I want the code below to yield 600 (as the solution to T2), but it just gives an empty list ([]).
solve([
(P1*V1)/T1 = (P2*V2)/T2,
V1 = V2,
P1 = 100000,
T1 = 300,
P2 = 200000
], [T2]);
What am I missing? (I also tried many other problems similar to this one, and they all seem to fail.)
I know that I could solve this particular one numerically, but I want the answers to be precise, and I also want to be able to solve problems like this:
solve([
(P1*V1)/T1 = (P2*V2)/T2,
V1 = V2
], [T2]);
(Where the solution should be (T1*P2)/P1.)

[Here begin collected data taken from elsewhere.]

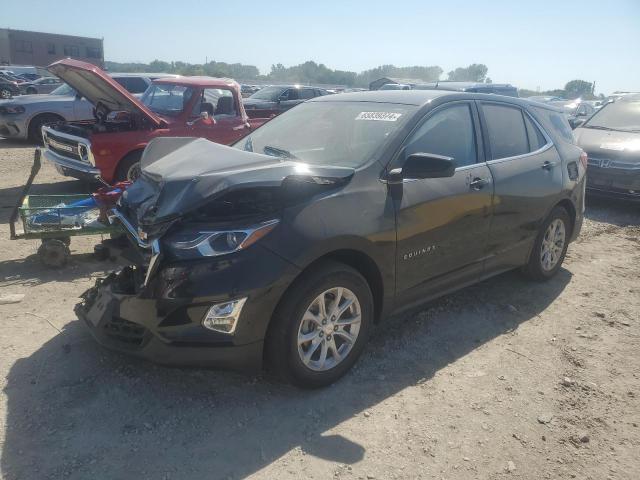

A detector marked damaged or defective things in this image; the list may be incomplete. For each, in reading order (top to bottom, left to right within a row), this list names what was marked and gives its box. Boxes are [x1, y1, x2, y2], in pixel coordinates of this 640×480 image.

crumpled hood [49, 58, 164, 127]
crumpled hood [572, 126, 640, 162]
crumpled hood [119, 138, 356, 230]
damaged headlight [164, 220, 278, 260]
exposed headlight assembly [168, 220, 280, 258]
damaged black suv [75, 90, 584, 388]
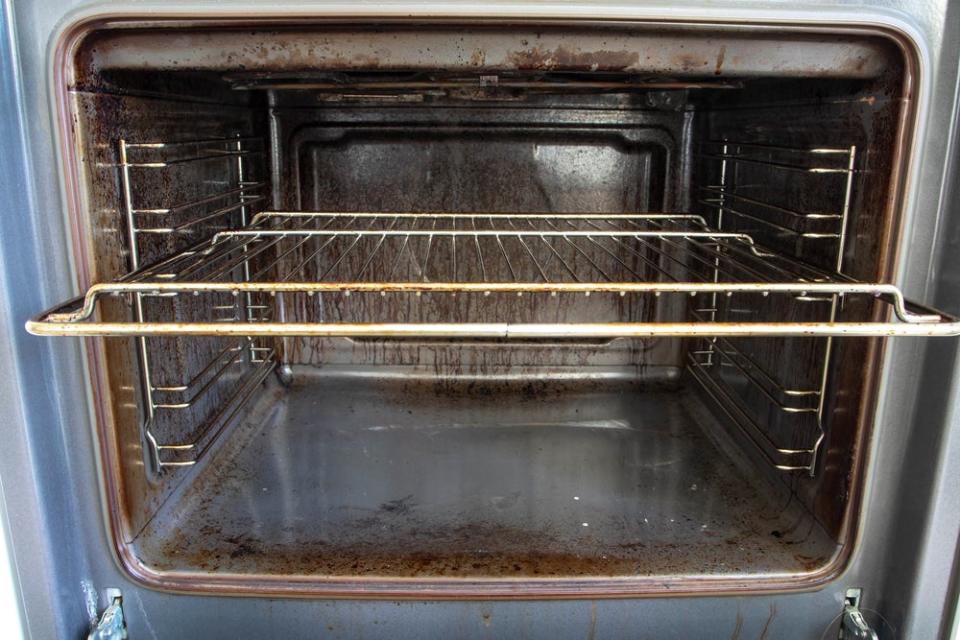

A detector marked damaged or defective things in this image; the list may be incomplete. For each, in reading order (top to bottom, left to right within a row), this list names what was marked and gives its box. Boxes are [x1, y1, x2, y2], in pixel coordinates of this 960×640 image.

rusted metal surface [131, 376, 836, 592]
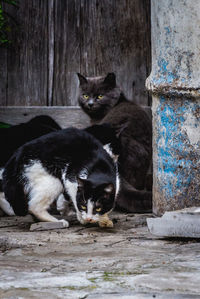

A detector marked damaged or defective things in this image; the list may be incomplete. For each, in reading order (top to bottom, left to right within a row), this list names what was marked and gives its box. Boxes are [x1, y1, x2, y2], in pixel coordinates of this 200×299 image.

rusty metal surface [145, 0, 200, 216]
cracked concrete floor [0, 212, 200, 298]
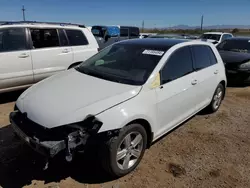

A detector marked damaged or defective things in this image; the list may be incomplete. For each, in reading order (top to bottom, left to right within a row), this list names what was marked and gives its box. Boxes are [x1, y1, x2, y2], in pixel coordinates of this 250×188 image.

There are a few different ways to go about it. Let's start with:
(%i1) eqn : (P1*V1)/T1 = (P2*V2)/T2 $
(%i2) myvalues : [V1 = V2,P1 = 100000,T1 = 300,P2 = 200000] $
(1) Substitute values into the equation and then solve the equation.
(%i3) subst (myvalues, eqn);
1000 V2 200000 V2
(%o3) ------- = ---------
3 T2
(%i4) solve (%, T2);
(%o4) [T2 = 600]
(2) Solve the equation in general and then substitute values into the solution.
(%i5) solve (eqn, T2);
P2 T1 V2
(%o5) [T2 = --------]
P1 V1
(%i6) subst (myvalues, %);
(%o6) [T2 = 600]
(3) Solve the equation with values temporarily assigned to variables.
(%i7) ev (solve (eqn, T2), myvalues);
(%o7) [T2 = 600]
or, equivalently (this formulation is seen pretty often):
(%i8) solve (eqn, T2), V1 = V2,P1 = 100000,T1 = 300,P2 = 200000;
(%o8) [T2 = 600]
(2) is perhaps the most general way to go about it. (1) and (3) are more or less equivalent in the sense that the variables already have values assigned by the time solve sees the equation. That can often make the equation easier for solve to solve it.
In addition to solve, take a look at to_poly_solve to solve equations.